# If its TEOTWAWKI is it almost a Certainty There Will Be No Electricity?



## PeachesBackwards (Sep 8, 2015)

I'm trying to picture and End of the World As We Know It Scenario where there still will be electricity and I can't come up with that many cases. IE, if a huge percentage of the World dies from a Virus, there will be no one left to man the Power Grid, if there is a total Financial Crash no one will be working to maintain the Power Grid etc. Do you agree its a reasonable assumption that the Power Grids will no longer be working at the End of the World and hence no electricity so one needs to eventually prepare for that? I'm not talking short term disasters but decades long disasters.


----------



## Grimm (Sep 5, 2012)

Get your self off the grid. That is what a lot of the folks here are doing. Problem solved.

Me? We still rent so going 100% off grid is not possible yet. I do try to find and prep sustainable option to not having electricity. Like the hand crank attachment for my Singer 99K and even my stand mixer. I try to plan for a time when even solar will not work (panels break etc).


----------



## PeachesBackwards (Sep 8, 2015)

Nah its not possible for me at this stage as I live in the City and honestly I love my electricity and City comfort life. That is not to say that I can't envision End of the World Scenarios and I just want to prepare for End of the World Scenarios which though I think they are slim do think they are possible and/or gather as much info as I can.


----------



## bigg777 (Mar 18, 2013)

For most people in this country, No electricity = TEOTWAWKI.

I can't think of any scenario that would be classified as "the end" that includes an electrified national grid.


----------



## TheLazyL (Jun 5, 2012)

PeachesBackwards said:


> ...Do you agree its a reasonable assumption that the Power Grids will no longer be working at the End of the World and hence no electricity so one needs to eventually prepare for that? ...


Yes I agree.

Once their standby generators run out of fuel sewerage treatment plant and lift station will stop, sewerage will backup into homes. Got a giant rubber cork to plug your line, or better yet install a backflow prevention device.

And municipal water wells will stop pumping water, water pressure will drop to zero. Some nut in the apartment below will start a fire in their oven for heat and burn your building to the ground. The building water sprinklers will not function.

All basements that rely on sump pumps to keep then dry will flood. Tenant's basement storage area (BOB supplies) is now under water.

Elevators will not work. You can either use the stairways with the exiting hordes or wait to be picked off later.

Building A/C will not work. Many modern apartments are built with permanently closed windows. Going to get a bit hot don't you think?

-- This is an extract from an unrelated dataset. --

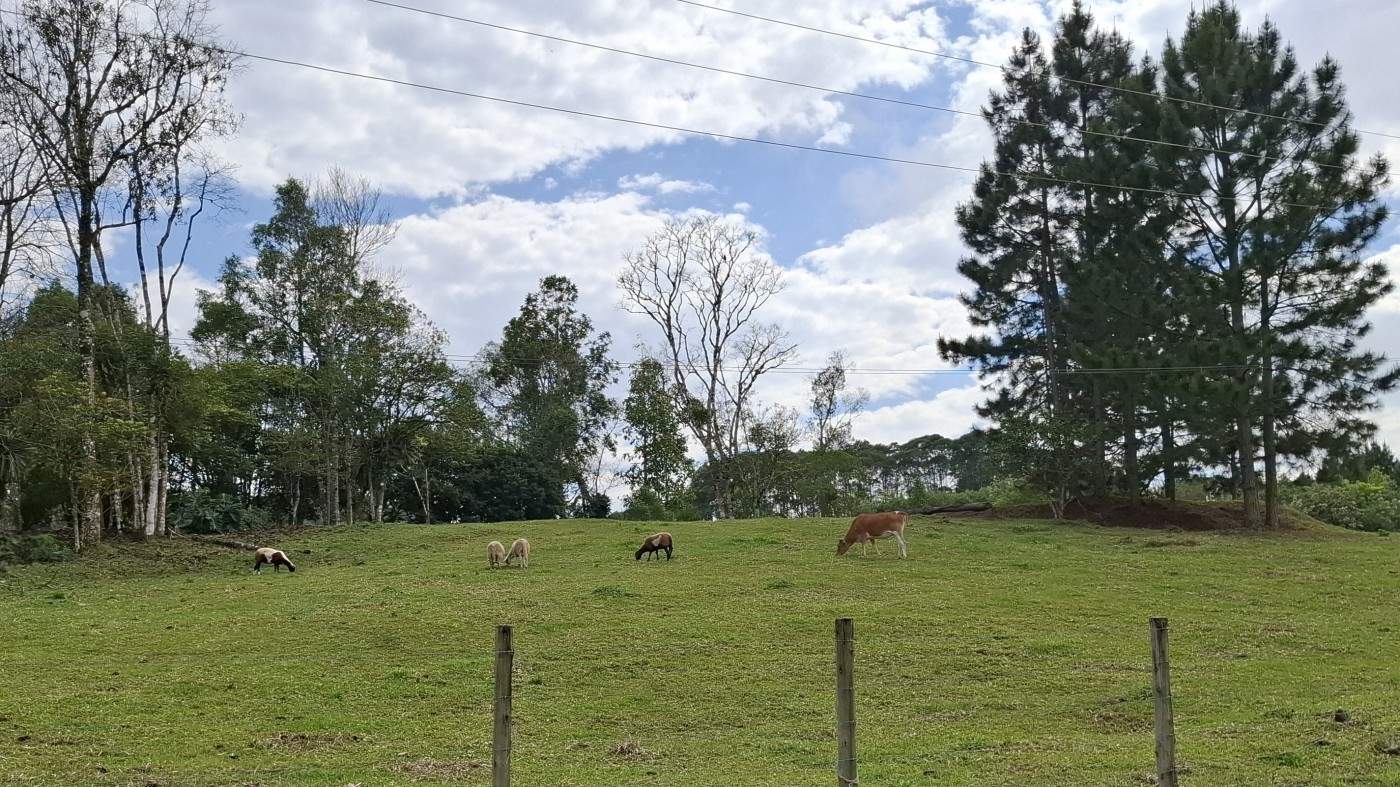 Sítio, 3 quartos, 3 hectares - Foto 42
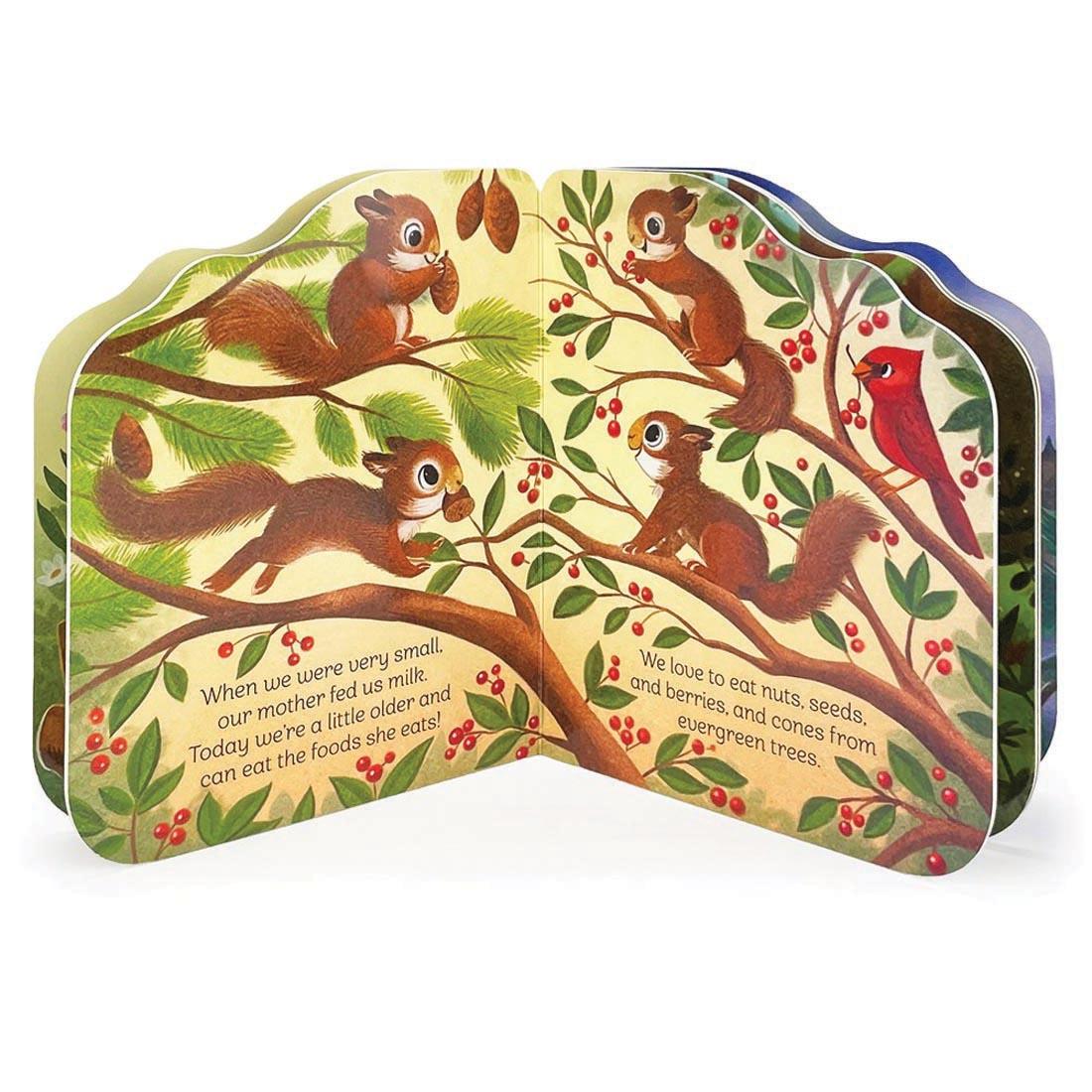 A Little Squirrel Shaped Board Book standing open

Got yourself a electric vehicle? Unless you can salvage solar panels and have the knowledge, it's now a boat anchor. At least you don't have to finish making the payments on it.

Got your money safely deposited in the bank? No power, no computers, no way for the Bank employee (if any show for work) to get you your money. Safe deposit box? You can come back later when it's safe to spend a day or two torching your way in.

Refrigeration at grocery stores and restaurants will fail. A lot of good meat will spoil.

Airports and docks will not be able to pump fuel from the underground tanks. No air flights and no ships unloading capabilities.

And it gets worse. The wife's hair dryer will not work.


----------



## Starcreek (Feb 4, 2015)

PeachesBackwards said:


> Nah its not possible for me at this stage as I live in the City and honestly I love my electricity and City comfort life. That is not to say that I can't envision End of the World Scenarios and I just want to prepare for End of the World Scenarios which though I think they are slim do think they are possible and/or gather as much info as I can.


I almost wrote, "Then you can't prep." But there are some things you can do to prepare. Camping on the weekends would help you see what it might be like. Put up some essential items you might need in a power outage -- oil lamps, alternative heat, bottles of water. Make sure your car is gassed up at all times and stay constantly abreast of the news. There will be a small window of opportunity in any disaster when people are glued to the TV or milling around wondering what to do, and that's your chance to GOOD....Get Out Of Dodge.


----------



## smaj100 (Oct 17, 2012)

Preparing now is the key to success, and like most on this site advocate you don't have to be rich or do it all at once. Start storing some fuel (especially with prices being low), kerosene / oil lamps (we've got 20 cause I oops'ed when I ordered them) still in boxes stored in the garage, get a small super efficient generator for running a fridge and charging batteries, add a couple solar panels to help charge things. look into getting some cheap 12v auto lights or led lights for cars or boats, they use very little power are sufficiently bright enough for reading or working at night when there are no lights. Don't forget one crucial thing SECURITY. If you are the only one with lights of any kind and in an urban type setting people will see that light and be coming to find out why you have lights and probably other things they don't......


----------



## Tirediron (Jul 12, 2010)

If you live in the city supplies may not mean much, how do you get out or shelter without being raided. 

Skills are key, tough is key, can you make fire with a flint and steel in damp conditions with cold fingers? 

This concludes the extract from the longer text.